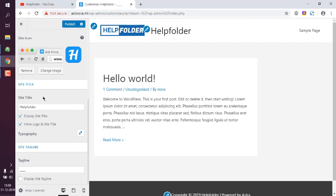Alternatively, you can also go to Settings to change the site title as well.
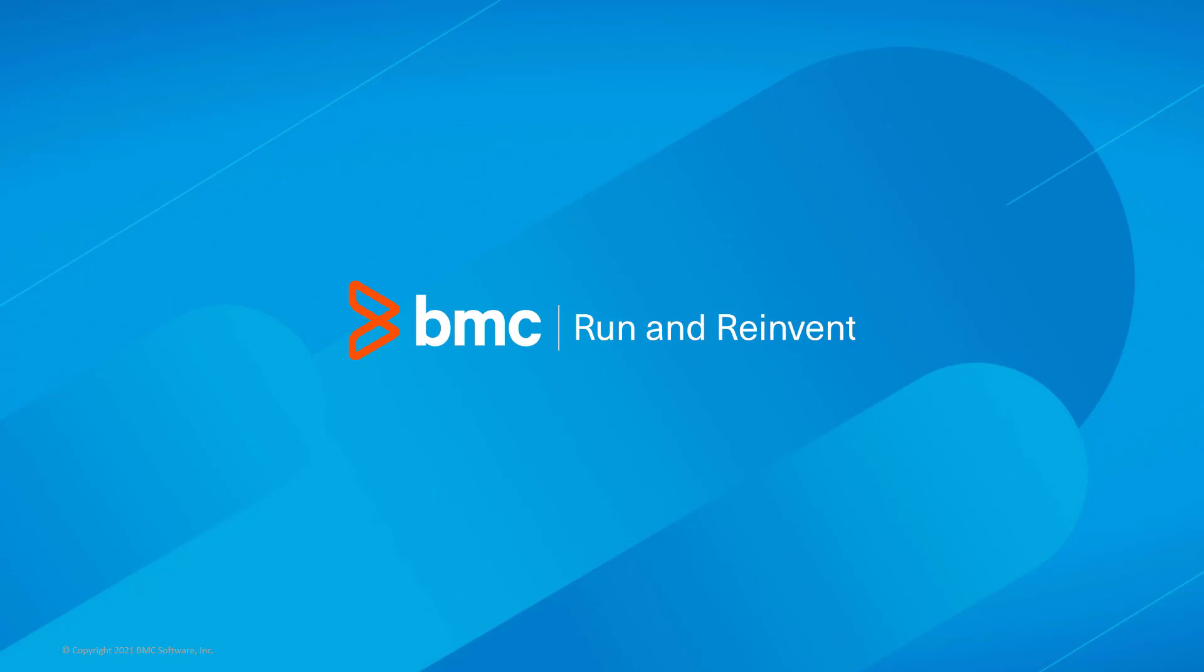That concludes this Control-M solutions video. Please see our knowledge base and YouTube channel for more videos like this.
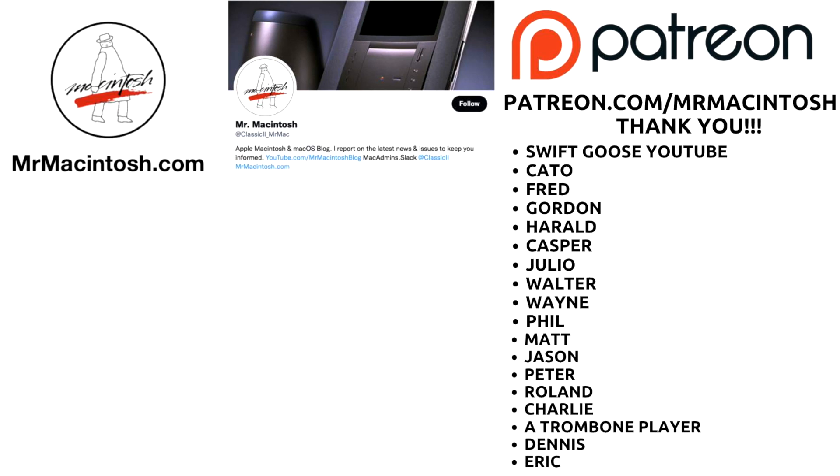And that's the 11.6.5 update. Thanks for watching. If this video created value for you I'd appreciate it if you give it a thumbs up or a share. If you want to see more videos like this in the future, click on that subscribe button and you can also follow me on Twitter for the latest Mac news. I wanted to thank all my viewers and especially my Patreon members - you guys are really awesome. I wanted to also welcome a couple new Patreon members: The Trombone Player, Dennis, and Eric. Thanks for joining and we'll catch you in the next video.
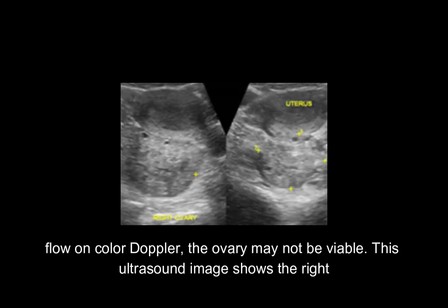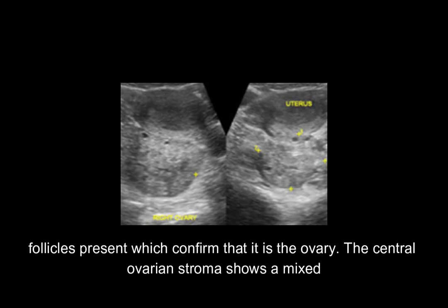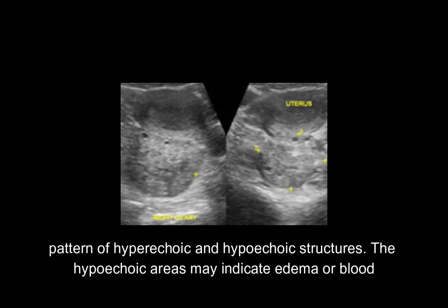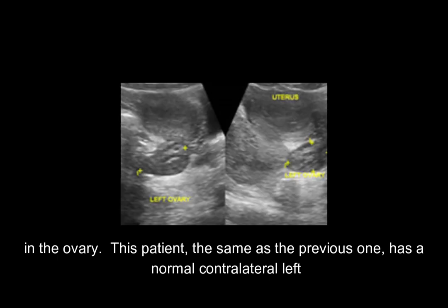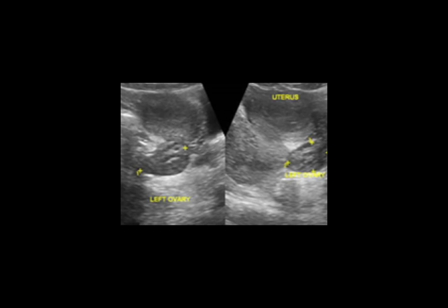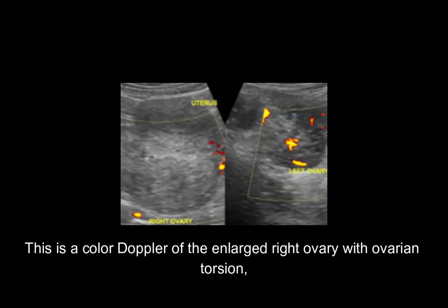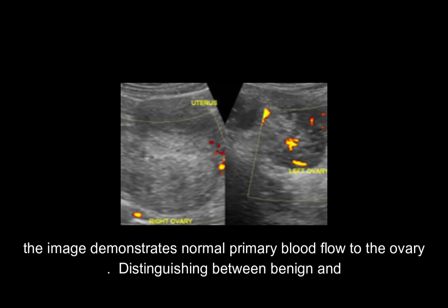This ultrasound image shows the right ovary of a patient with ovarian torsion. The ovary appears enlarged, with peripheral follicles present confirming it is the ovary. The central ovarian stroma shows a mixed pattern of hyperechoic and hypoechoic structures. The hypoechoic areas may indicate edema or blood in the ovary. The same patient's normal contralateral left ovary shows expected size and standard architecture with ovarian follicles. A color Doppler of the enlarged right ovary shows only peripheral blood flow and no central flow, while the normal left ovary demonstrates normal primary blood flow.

++++++++++

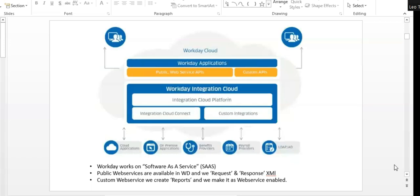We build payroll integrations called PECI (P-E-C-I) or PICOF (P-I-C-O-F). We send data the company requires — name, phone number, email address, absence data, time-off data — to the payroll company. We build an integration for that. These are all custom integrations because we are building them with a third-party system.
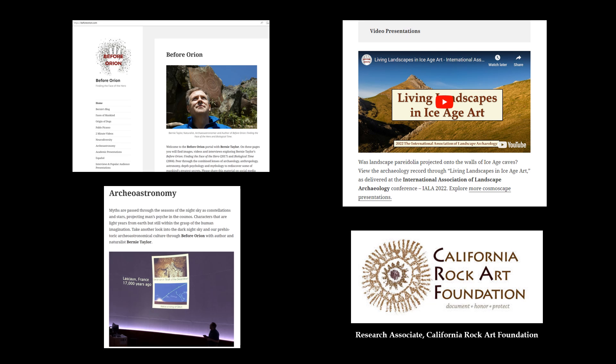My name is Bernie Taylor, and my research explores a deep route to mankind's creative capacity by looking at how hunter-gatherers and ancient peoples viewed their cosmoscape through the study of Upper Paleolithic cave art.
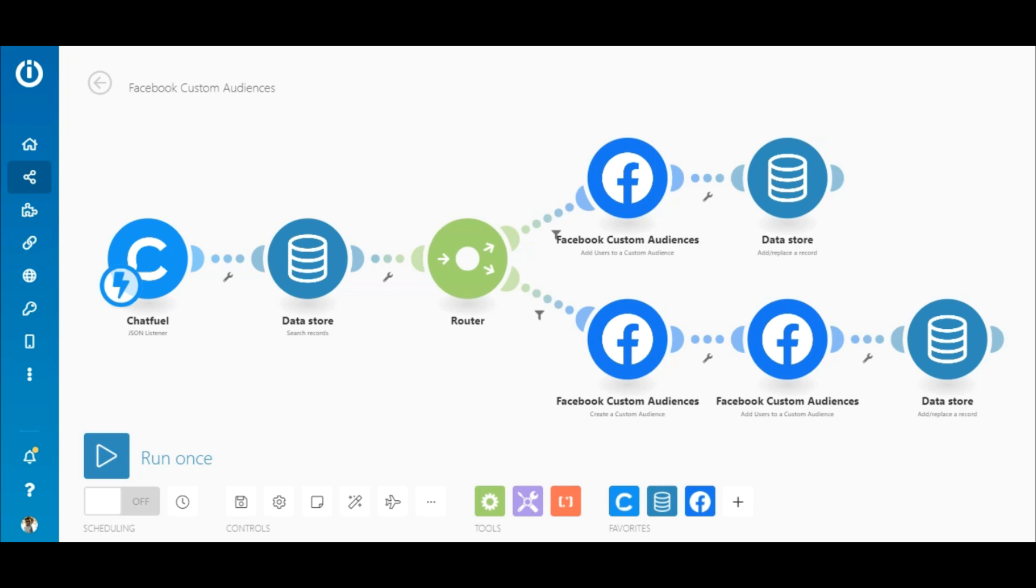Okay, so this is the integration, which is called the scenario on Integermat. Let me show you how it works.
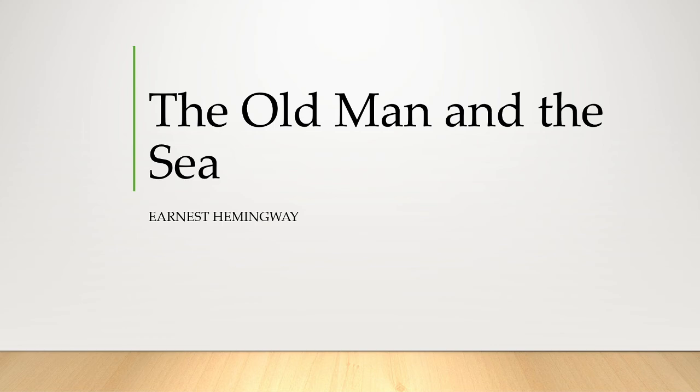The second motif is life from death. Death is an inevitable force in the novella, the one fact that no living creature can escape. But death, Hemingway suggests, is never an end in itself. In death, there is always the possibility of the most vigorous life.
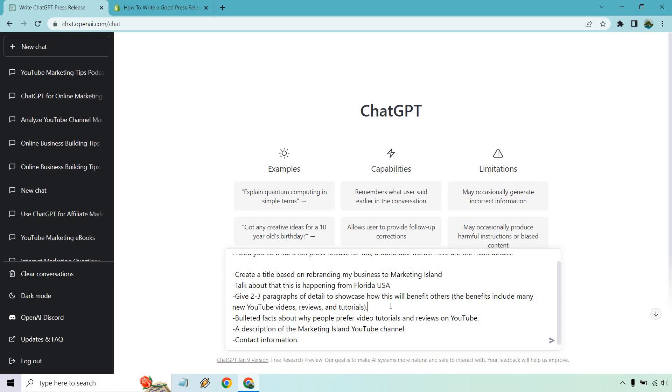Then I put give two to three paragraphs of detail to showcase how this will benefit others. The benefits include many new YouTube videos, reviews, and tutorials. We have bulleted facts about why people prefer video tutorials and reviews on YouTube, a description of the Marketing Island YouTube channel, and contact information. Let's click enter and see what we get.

++++++++++

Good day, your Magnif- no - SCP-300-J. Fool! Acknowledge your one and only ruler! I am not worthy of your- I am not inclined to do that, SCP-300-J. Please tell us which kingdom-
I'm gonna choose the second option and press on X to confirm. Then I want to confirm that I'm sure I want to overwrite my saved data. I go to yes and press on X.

++++++++++

**DIRECTIONS FOR THIS TASK:** With the pictures omitted, copy the entries above exactly from the line containing "The second motif" through the line containing "Then I put give", both lines included.

**RESPONSE AREA:**
The second motif is life from death. Death is an inevitable force in the novella, the one fact that no living creature can escape. But death, Hemingway suggests, is never an end in itself. In death, there is always the possibility of the most vigorous life.
Then I put give two to three paragraphs of detail to showcase how this will benefit others. The benefits include many new YouTube videos, reviews, and tutorials. We have bulleted facts about why people prefer video tutorials and reviews on YouTube, a description of the Marketing Island YouTube channel, and contact information. Let's click enter and see what we get.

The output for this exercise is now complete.